COVID-19 (coronavirus disease 2019) is a highly infectious disease caused by severe acute respiratory syndrome coronavirus 2 (SARS-CoV-2). The World Health Organization (WHO) originally called this illness "novel coronavirus-infected pneumonia (NCIP)", and the virus itself had been provisionally named "2019 novel coronavirus (2019-nCoV)". The origin of first case was reported from Wuhan; China, in December 2019 and subsequently there was a rapid global spread resulting it into being declared as a pandemic on 11th March 2020. The first case reported in India was in Thrissur, Kerala on January 29,2020. India has confirmed (needs update 101139 COVID cases with 3163 deaths (as at May 19, 2020) according to the Indian Council of Medical Research, India data.
Confirmed cases in the United States in May, 2020 have exceeded 200,000 with more than 4,400 deaths as per the online virus tracker created by The Lancet, and hosted by John Hopkins University. Radiographers, patient facing, frontline health professionals, have a key role in the diagnosis and management of COVID-19. Diagnosis of SARS-CoV-2 is confirmed by reverse transcription polymerase chain reaction (RT-PCR) of nasopharyngeal swabs. However, sensitivity is variable, reported to be 70% to 90% on initial swab and 90% on second swab at 72 h.
The staff in a medical imaging department is some of the first people to come in contact with COVID-19 patients and therefore clear infection control guidelines are extremely important for an imaging facility. Droplet-type precautions including medical mask, gown, gloves, and eye protection N95 masks and aprons should be donned routinely because of COVID-19.
II. REVIEW OF LITERATURE
COVID-19 (Corona Virus Disease-19) is a zoonotic illness first reported in China in December of 2019, linked to a seafood wholesale market in the city of Wuhan, the capital city of Hubei province . On March 11, 2020, COVID-19 was declared a global pandemic by World Health Organization (WHO), having rapidly spread by human to human contact across 177 territories, in 6 continents.
The radiological findings of COVID-19 on chest X-ray are those of atypical pneumonia  or organizing pneumonia [5,10]. Though chest CT scans are reported to be more sensitive than Chest X-rays, chest radiography still remains the first line imaging modality of choice used for patients with suspected COVID-19 because of it being cheap, readily accessible and can easily be sanitized. For ease of decontamination the use of portable radiography units are preferred. Chest radiographs are often normal in early or mild disease.
According to a study Of the patients with COVID-19 requiring hospitalization 69% had an abnormal chest radiograph at the initial time of admission, and 80% had radiographic abnormalities sometimes during hospitalization. The findings are reported to be most extensive about 10-12 days after symptom onset.

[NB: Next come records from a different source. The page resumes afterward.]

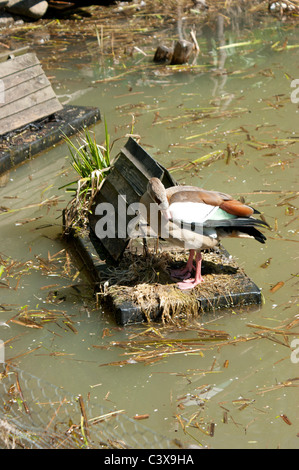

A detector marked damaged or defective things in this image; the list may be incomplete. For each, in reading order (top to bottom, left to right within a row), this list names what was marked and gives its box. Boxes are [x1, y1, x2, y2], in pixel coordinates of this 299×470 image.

broken wooden box [69, 138, 264, 324]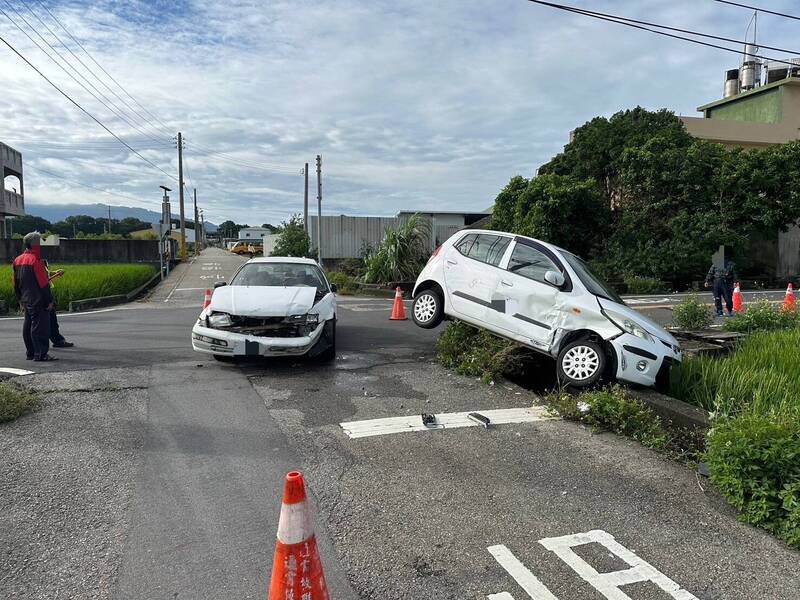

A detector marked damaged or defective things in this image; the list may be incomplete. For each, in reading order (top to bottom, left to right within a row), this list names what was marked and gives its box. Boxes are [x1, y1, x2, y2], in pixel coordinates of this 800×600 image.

damaged white sedan [192, 256, 336, 360]
crushed front bumper [192, 322, 326, 358]
crushed front bumper [612, 332, 680, 390]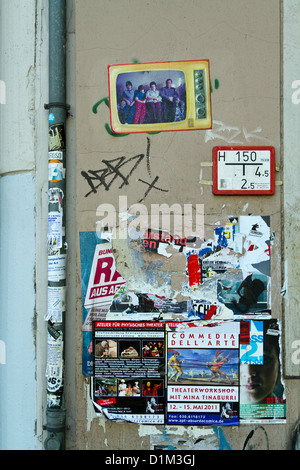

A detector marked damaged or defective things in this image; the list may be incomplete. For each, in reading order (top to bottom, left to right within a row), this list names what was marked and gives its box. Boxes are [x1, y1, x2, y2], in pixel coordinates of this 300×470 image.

torn poster [79, 233, 126, 376]
torn poster [92, 322, 165, 424]
torn poster [165, 320, 240, 426]
torn poster [239, 320, 286, 422]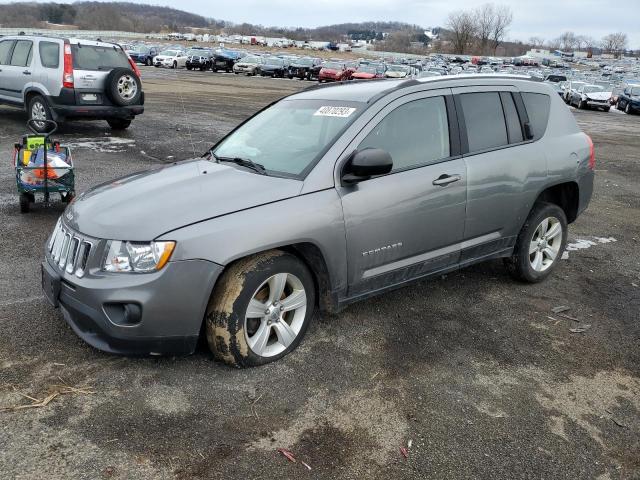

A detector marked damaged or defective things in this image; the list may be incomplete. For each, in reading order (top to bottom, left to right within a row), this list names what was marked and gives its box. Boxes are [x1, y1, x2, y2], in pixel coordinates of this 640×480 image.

damaged vehicle [42, 75, 596, 368]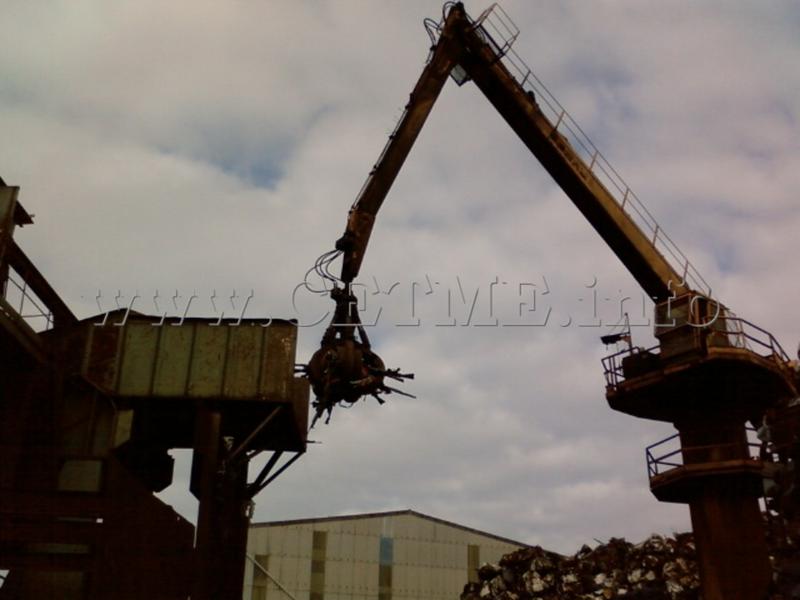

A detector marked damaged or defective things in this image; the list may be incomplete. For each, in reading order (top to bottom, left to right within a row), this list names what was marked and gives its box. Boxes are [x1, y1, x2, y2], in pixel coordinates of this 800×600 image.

rusty metal structure [0, 185, 310, 596]
rusty metal structure [304, 2, 792, 596]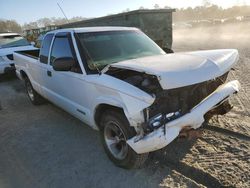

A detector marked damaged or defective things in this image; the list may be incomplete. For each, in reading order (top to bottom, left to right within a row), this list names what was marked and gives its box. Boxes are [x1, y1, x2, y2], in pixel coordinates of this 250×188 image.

damaged front end [104, 67, 239, 153]
crumpled hood [108, 48, 238, 89]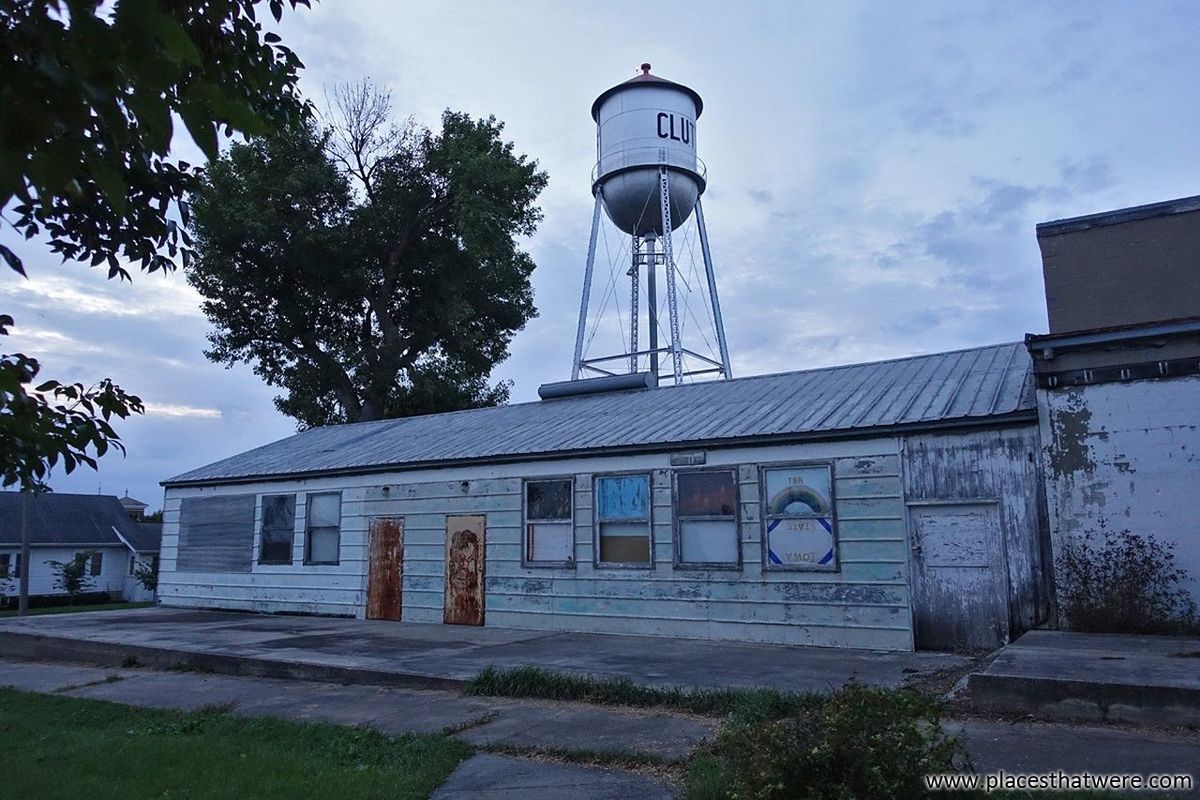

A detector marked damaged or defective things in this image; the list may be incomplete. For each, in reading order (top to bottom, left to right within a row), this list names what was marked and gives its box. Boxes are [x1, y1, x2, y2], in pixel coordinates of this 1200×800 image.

rusty metal door [364, 515, 403, 623]
rusty metal door [444, 520, 484, 623]
rusty metal door [912, 503, 1008, 652]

The most frequent radiographic findings are airspace consolidation or, less commonly, ground-glass opacity (GGO). The distribution is most often bilateral, peripheral, and lower zone predominant. Unlike parenchymal abnormalities, pleural effusion is rare (3%).
According to the Center for Disease Control (CDC), even if a chest CT or X-ray suggests COVID-19, viral testing is the only specific method for diagnosis. In addition CDC also said,’With the COVID-19 pandemic threatening to overwhelm healthcare systems globally, chest X-ray radiographs should be considered a useful tool for identifying COVID-19’.
Preliminary clinical evaluation (PCE) by radiologists & clinicians at time of image acquisition is an expected competency of practitioners in many regions of the World including India, the United States of America, the United Kingdom and Australia. As radiologists are almost invariably the first practitioner to see the diagnostic image, it follows that a radiologist’s PCE and triage for an immediate clinical report plays a vital role in identifying possible COVID-19 patients.
There are increasing case reports of patients presenting to hospital without classical symptoms of COVID-19 (fever, cough), including abdominal symptoms and may be referred for non-COVID diagnostic workup without respiratory precautions in place. Rapid radiologists’ PCE and triage will facilitate prompt reporting of the investigation, aid patient diagnosis and management decisions in a timely way.
This rapid triage also allows for the potential of all imaging to be performed during a single hospital attendance and, more crucially, immediate appropriate decontamination of imaging equipment. It is crucial that radiographers, radiologists and referring clinicians are aware that a normal imaging investigation (CXR or CT) does not exclude COVID-19 in high risk patients. Thus, a ‘completion’ chest CT to identify COVID-19 when the lung bases are normal on a routine CT abdomen in a patient who has no COVID-19 respiratory symptoms is not advocated.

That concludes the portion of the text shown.